Bower masih memegangi pipinya yang merah akibat tamparan, "Aku tidak menyembunyikan Cermin Dewa darimu. Sudah berapa kali kamu menerobos masuk ke bangsal terlarang, tapi kamu tidak pernah mendapat cerita dari Cermin Dewa, bukan begitu? Aimee Alexander?" Bower mengucapkan nama terakhir Aimee yang bahkan belum pernah di dengar oleh Lyra. Ia mengucapkannya dengan intonasi yang lain, penuh penekanan, dan kemarahan.
Aimee lantas berteriak, "Jangan sebut aku dengan nama hina-mu!" Air mata mengalir ke pipinya. "Aku bukan siapa-siapamu!"
"Kamu ditipu. Cermin Dewa tidak selalu benar." Sangkal Bower. "Kamu terlalu banyak melihat."
"Aku baru pertama kali melihat Cermin Dewa." Balas Aimee. "Sebelum ini aku tidak pernah melihatnya."
Kini, Bower kembali terdiam.
"Aku akan pergi dari sini." Ucap Aimee.
"Aimee, jangan." Pinta Bower.
"Aku lebih baik mati di tangan Slavic, daripada harus berada disini bersamamu dan buku-buku konyolmu." Ucapannya menikam tepat ke hati. Bower sudah tidak bisa menyangkalnya.

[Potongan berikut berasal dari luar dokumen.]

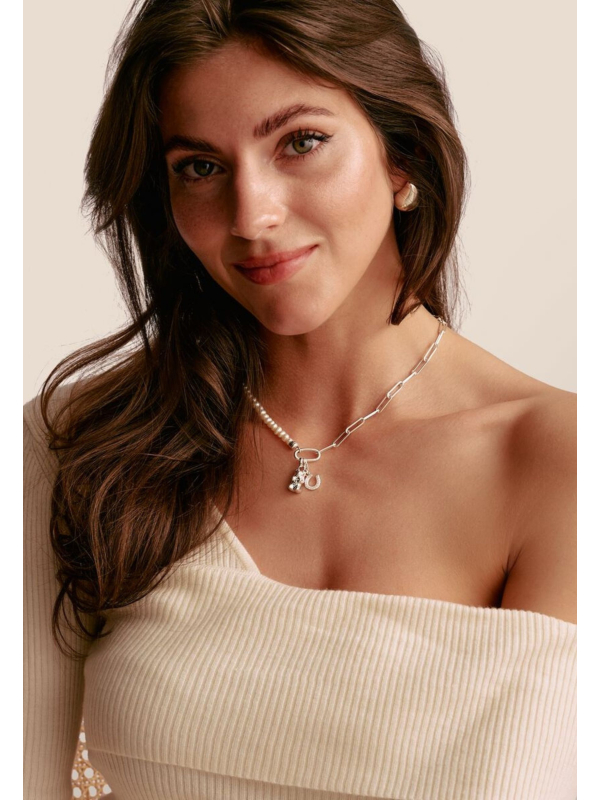 Pendentif charm ourson doré Connect en argent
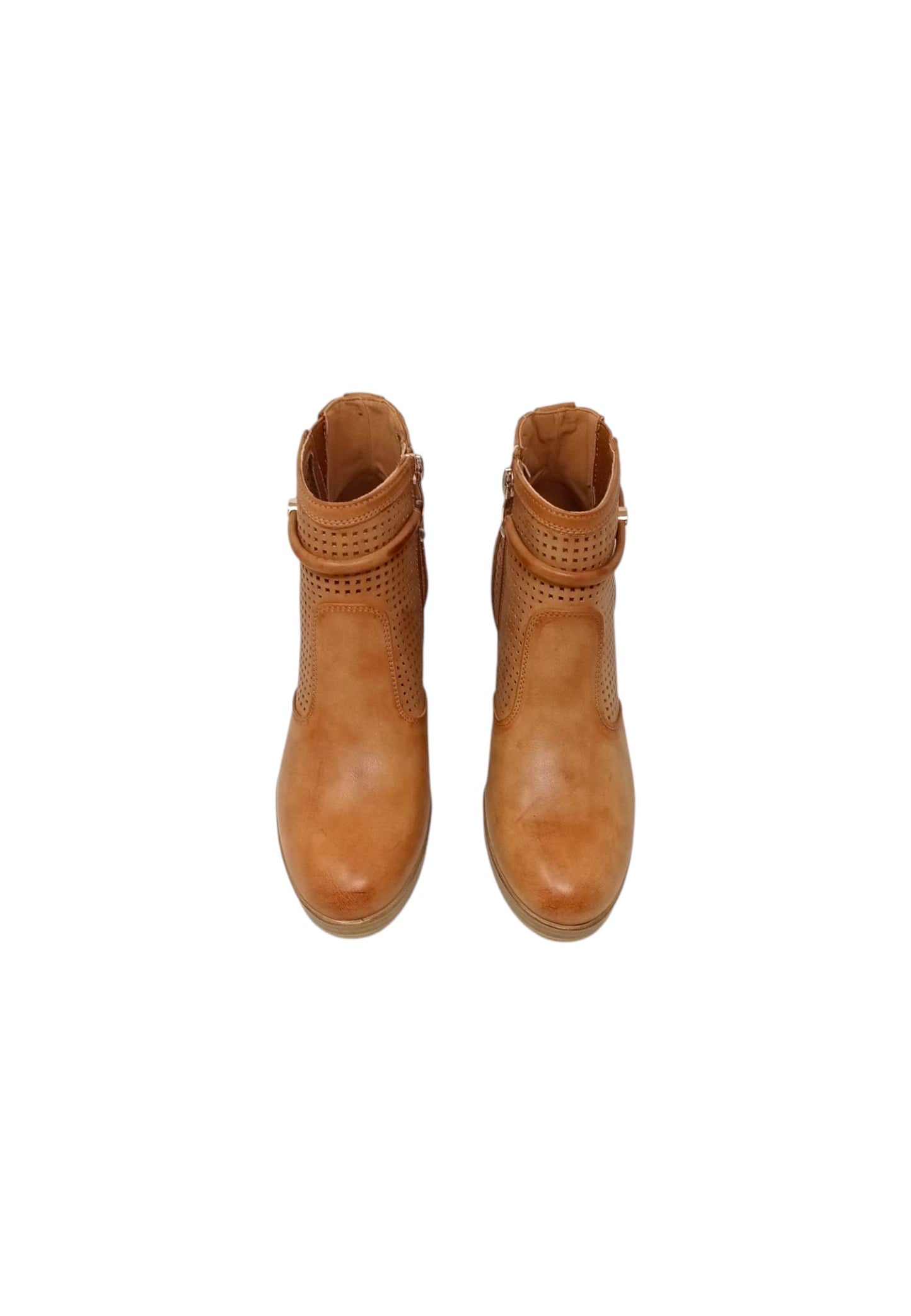 Stivaletto con tacco GALIA H2732-7 CAMEL donna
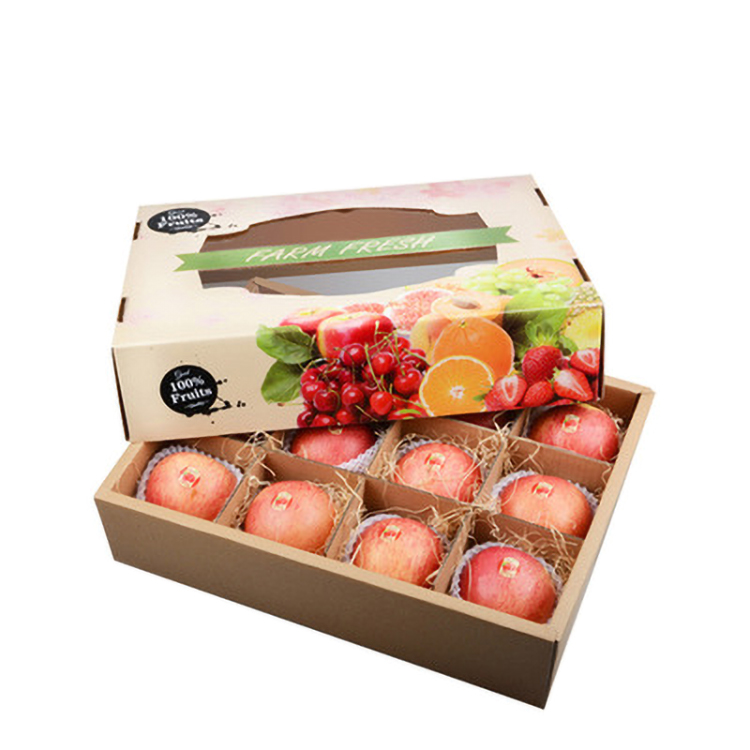 Stable Practical Vegetable Corrugated Boxes , Recyclable Tomato Shipping Boxes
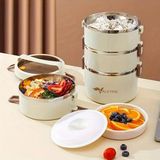 4 Gözlü Çelik Isı Yalıtımlı Çanta Yemek Kabı Seti Çantalı Geniş Kaplar Bento Çantalı - 0 Siyah - Option-1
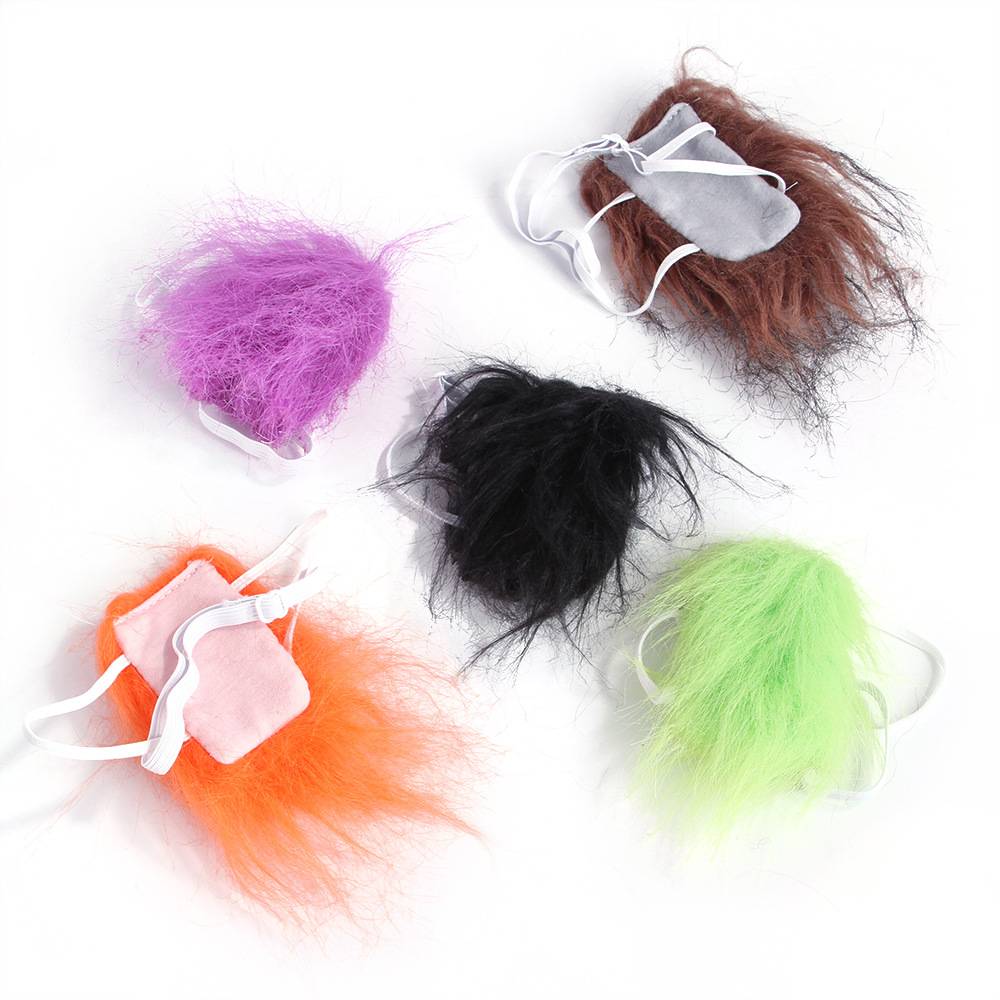 Manufactor Pet Messy Hair Headdress Dog Cat Wig Ornament Teddy Dress Up Funny Halloween Supplies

Lyra menghalangi pintu keluar, "Aimee." Ucapnya.
"Lyra." Balas Aimee, "Menyingkir."
Lyra tidak bergeming. Ia menetap di hadapan Aimee, merentangkan kedua tangannya seolah-olah hal itu dapat menghentikan Aimee.
"Keras kepala." Aimee kemudian menembakkan peluru kertas ke lengan Lyra, menyayat lengan gadis itu, dan menampilkan darah segar. Refleks, Lyra menyentuh lukanya. Terasa perih karena banyaknya serpihan kertas yang menempel di situ. "Maafkan aku." Ucap Aimee, kemudian berlalu pergi.

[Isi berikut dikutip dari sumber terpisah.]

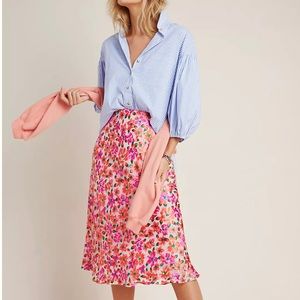 Maeve by Anthropologie Ravenna Bias Midi Skirt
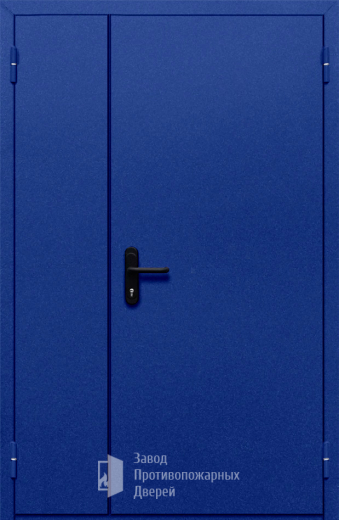 Фото двери «Полуторная глухая (синяя)» в Коломне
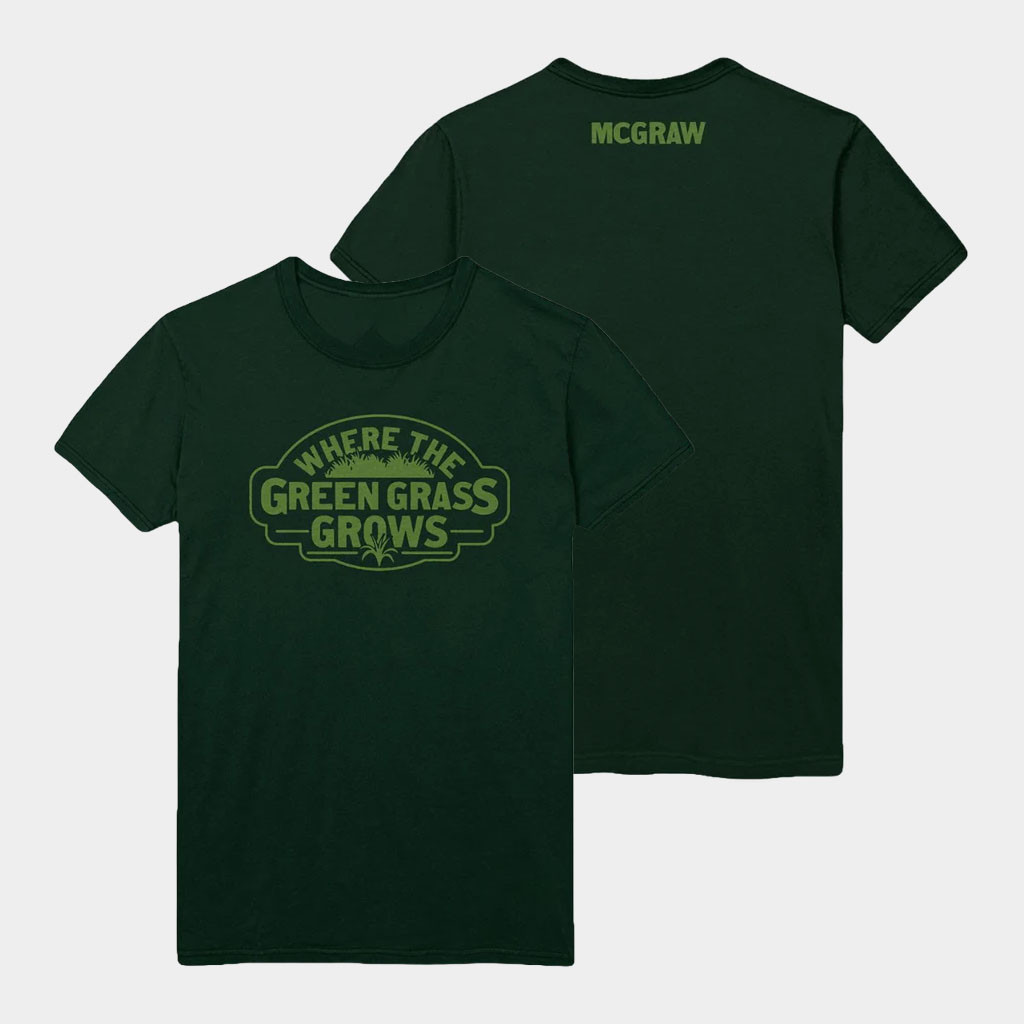 Tim McGraw Merch 2026 Vintage McGraw Green Grass T-Shirt Cool Gifts For Music Lovers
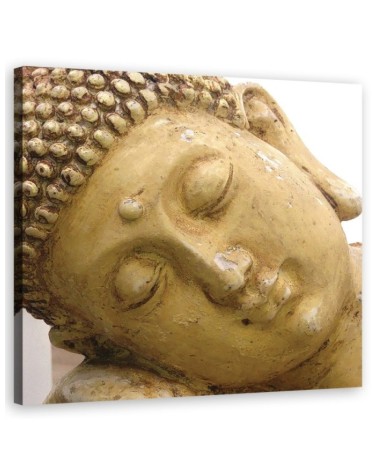 Buddha head Beige - Abstract Canvas painting on canvas | FEEBY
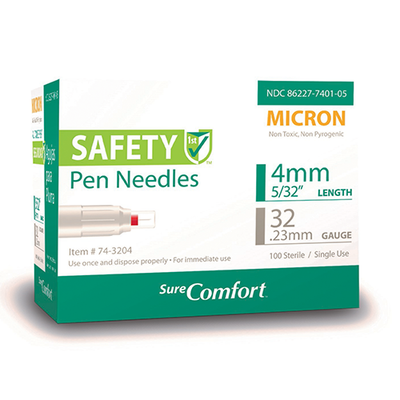 Clever Choice Comfort EZ Pen Needles 31G 5/16 (8mm) 300 Ct.
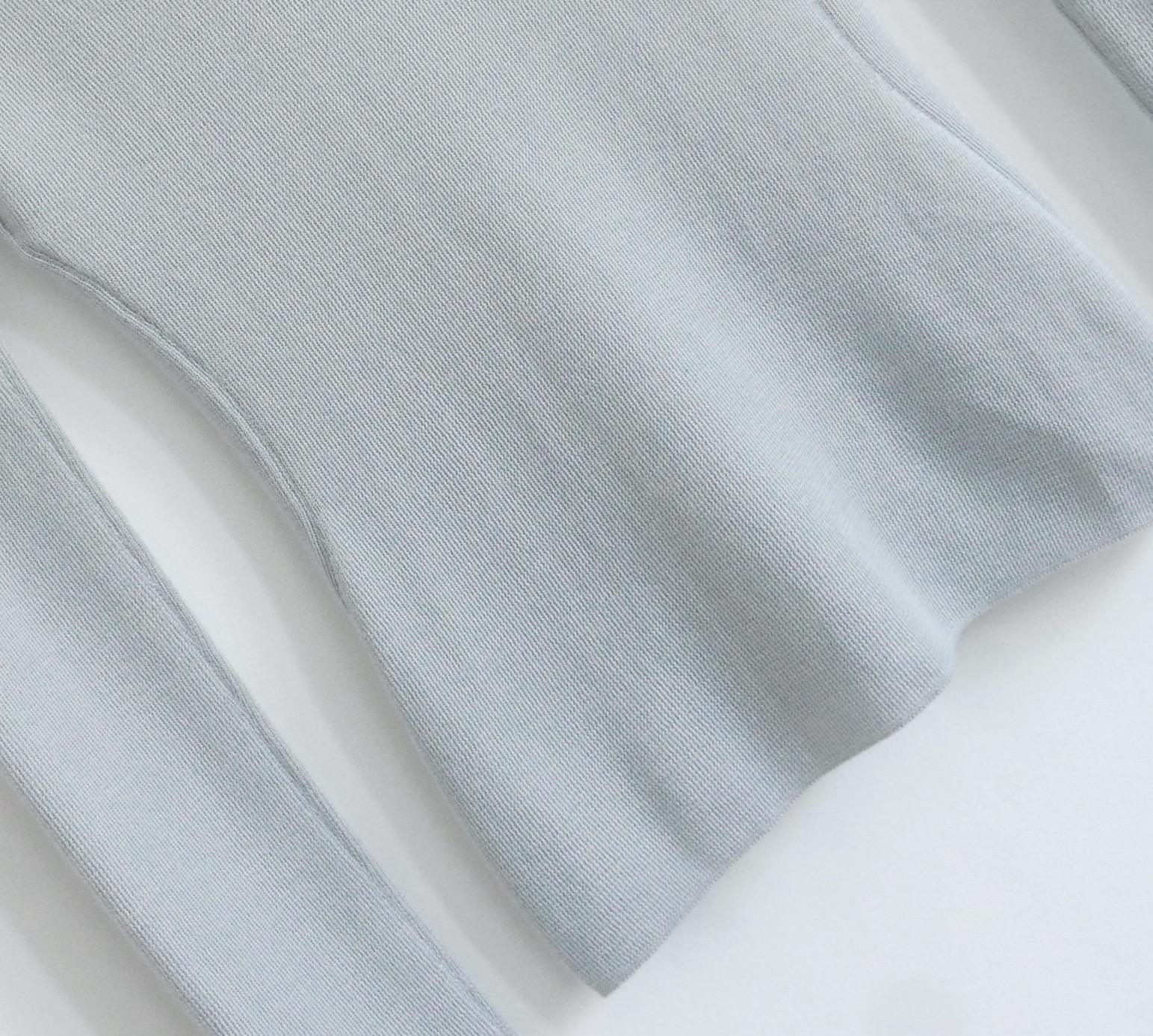 Dior x Raf Simons Pre-Fall 2014 Duck Egg Blue Cashmere/Silk High Neck Sweater  In New Condition For Sale In London, GB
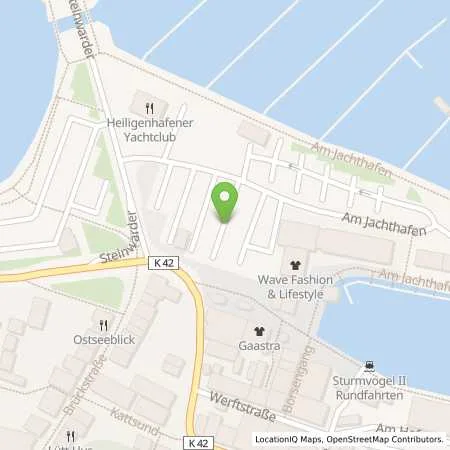 Standortübersicht der Tankstelle HVB GmbH & Co. KG in 23774 Heiligenhafen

Lyra masih memegangi lengannya yang terluka, namun ia tidak bisa menghentikan Aimee dari kepergiannya.
"Sia-sia saja." Ucap Bower.
KAMU SEDANG MEMBACA
Death's Syndrom : DEATH'S MARK
Fantasy[HIGHEST RANK : #4 in FANTASY] SINOPSIS Lyra Meyer, gadis berusia enam belas tahun, yang sedang dilanda duka. Duka yang sangat mendalam, karena kematian saudara kembar laki-lakinya, Leon. Lyra menjadi murung, bahkan sahabatnya, Abigail dan Miles, me...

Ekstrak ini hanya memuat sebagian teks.